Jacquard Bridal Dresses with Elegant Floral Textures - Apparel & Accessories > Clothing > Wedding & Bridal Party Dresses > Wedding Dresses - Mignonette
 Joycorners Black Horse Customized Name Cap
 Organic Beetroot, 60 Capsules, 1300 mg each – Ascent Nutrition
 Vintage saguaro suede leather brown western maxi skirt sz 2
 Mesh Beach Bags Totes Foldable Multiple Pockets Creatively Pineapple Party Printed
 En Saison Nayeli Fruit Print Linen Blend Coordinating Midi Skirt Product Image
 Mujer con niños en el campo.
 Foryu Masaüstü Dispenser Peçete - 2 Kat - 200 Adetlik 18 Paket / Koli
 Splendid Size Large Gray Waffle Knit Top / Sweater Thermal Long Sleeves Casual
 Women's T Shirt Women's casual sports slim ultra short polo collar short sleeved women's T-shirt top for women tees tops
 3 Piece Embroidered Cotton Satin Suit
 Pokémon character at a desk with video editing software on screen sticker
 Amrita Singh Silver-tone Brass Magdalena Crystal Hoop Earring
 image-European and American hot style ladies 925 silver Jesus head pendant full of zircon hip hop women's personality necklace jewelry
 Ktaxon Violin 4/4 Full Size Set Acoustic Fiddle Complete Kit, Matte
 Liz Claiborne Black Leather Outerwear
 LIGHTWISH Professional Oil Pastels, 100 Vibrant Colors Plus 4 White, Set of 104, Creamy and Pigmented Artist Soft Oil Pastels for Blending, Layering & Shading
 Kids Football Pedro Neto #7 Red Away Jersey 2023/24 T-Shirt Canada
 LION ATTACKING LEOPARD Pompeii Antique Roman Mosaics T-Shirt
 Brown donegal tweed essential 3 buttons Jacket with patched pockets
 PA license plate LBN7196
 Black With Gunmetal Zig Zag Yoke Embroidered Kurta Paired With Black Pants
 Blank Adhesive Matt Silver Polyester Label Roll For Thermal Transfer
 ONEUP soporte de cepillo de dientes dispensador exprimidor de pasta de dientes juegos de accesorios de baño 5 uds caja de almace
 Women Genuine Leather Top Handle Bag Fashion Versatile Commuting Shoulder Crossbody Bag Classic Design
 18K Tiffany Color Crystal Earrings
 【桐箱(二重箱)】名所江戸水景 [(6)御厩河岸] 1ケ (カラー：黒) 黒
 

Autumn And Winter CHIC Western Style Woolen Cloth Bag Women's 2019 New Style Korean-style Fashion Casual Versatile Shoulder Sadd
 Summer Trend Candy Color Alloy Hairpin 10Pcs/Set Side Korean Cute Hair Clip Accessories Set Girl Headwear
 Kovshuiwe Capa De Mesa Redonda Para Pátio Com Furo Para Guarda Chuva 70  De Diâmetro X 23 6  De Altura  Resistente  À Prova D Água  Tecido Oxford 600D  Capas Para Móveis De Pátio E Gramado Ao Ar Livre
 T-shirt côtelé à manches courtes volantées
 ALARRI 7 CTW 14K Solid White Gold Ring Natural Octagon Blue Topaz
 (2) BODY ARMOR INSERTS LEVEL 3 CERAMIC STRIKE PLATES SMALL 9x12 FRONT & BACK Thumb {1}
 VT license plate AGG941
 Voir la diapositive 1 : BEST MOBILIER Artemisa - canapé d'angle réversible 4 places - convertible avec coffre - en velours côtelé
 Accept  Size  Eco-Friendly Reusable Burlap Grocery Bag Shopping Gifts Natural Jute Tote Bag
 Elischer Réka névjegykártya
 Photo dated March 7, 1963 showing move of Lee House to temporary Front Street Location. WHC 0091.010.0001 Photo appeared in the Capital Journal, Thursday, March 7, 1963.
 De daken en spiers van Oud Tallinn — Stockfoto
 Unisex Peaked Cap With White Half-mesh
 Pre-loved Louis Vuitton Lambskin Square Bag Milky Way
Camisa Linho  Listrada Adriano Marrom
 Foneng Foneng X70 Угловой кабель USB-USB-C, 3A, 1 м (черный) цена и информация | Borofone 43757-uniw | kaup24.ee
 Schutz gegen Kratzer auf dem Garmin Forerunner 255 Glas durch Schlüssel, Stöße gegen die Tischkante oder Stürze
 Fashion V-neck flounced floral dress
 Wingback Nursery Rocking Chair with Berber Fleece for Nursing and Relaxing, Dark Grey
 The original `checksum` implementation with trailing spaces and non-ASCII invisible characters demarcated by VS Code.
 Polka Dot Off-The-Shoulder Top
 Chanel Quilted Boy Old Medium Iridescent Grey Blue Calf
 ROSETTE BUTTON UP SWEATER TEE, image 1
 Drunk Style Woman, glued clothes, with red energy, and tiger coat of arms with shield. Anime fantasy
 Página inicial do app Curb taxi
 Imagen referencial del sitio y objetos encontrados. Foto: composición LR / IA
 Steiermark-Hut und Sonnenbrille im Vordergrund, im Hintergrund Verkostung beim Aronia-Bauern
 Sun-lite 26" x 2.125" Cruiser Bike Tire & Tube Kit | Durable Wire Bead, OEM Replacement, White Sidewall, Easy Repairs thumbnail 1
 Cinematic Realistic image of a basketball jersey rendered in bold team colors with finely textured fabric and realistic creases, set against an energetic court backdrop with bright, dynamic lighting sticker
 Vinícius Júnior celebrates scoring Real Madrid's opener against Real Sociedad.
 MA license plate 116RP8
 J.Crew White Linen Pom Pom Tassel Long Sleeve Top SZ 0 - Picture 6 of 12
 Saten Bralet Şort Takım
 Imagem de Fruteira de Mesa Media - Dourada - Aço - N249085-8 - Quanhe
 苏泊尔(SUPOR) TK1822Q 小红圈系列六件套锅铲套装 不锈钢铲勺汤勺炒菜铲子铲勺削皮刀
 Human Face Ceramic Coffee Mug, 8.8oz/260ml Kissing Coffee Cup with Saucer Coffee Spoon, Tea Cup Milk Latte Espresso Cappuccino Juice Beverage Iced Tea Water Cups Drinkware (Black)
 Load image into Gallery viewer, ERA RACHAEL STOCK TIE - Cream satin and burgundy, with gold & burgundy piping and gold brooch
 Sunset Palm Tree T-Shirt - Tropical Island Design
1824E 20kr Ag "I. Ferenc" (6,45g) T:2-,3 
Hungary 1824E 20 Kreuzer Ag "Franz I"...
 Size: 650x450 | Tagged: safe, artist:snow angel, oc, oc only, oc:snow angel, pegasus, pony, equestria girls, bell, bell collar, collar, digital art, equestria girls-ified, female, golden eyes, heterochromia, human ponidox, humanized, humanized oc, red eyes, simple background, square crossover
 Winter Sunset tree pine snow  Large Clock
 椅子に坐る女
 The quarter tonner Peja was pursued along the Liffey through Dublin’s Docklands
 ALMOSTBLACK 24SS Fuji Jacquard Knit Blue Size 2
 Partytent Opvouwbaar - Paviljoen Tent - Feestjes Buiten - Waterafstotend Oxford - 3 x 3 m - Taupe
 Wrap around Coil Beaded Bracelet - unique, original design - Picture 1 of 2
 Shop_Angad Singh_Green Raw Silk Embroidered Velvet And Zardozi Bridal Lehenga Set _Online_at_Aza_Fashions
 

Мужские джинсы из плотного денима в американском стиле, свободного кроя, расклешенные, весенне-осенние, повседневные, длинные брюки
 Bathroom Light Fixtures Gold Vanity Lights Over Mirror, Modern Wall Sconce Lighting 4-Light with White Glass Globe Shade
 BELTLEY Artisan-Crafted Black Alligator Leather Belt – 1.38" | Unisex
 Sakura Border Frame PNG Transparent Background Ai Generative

[Instructions to follow]
All lines from the opening of the material through the line that contains "Splendid Size Large" are to be printed exactly, with no others.

[Output of the task]
Jacquard Bridal Dresses with Elegant Floral Textures - Apparel & Accessories > Clothing > Wedding & Bridal Party Dresses > Wedding Dresses - Mignonette
 Joycorners Black Horse Customized Name Cap
 Organic Beetroot, 60 Capsules, 1300 mg each – Ascent Nutrition
 Vintage saguaro suede leather brown western maxi skirt sz 2
 Mesh Beach Bags Totes Foldable Multiple Pockets Creatively Pineapple Party Printed
 En Saison Nayeli Fruit Print Linen Blend Coordinating Midi Skirt Product Image
 Mujer con niños en el campo.
 Foryu Masaüstü Dispenser Peçete - 2 Kat - 200 Adetlik 18 Paket / Koli
 Splendid Size Large Gray Waffle Knit Top / Sweater Thermal Long Sleeves Casual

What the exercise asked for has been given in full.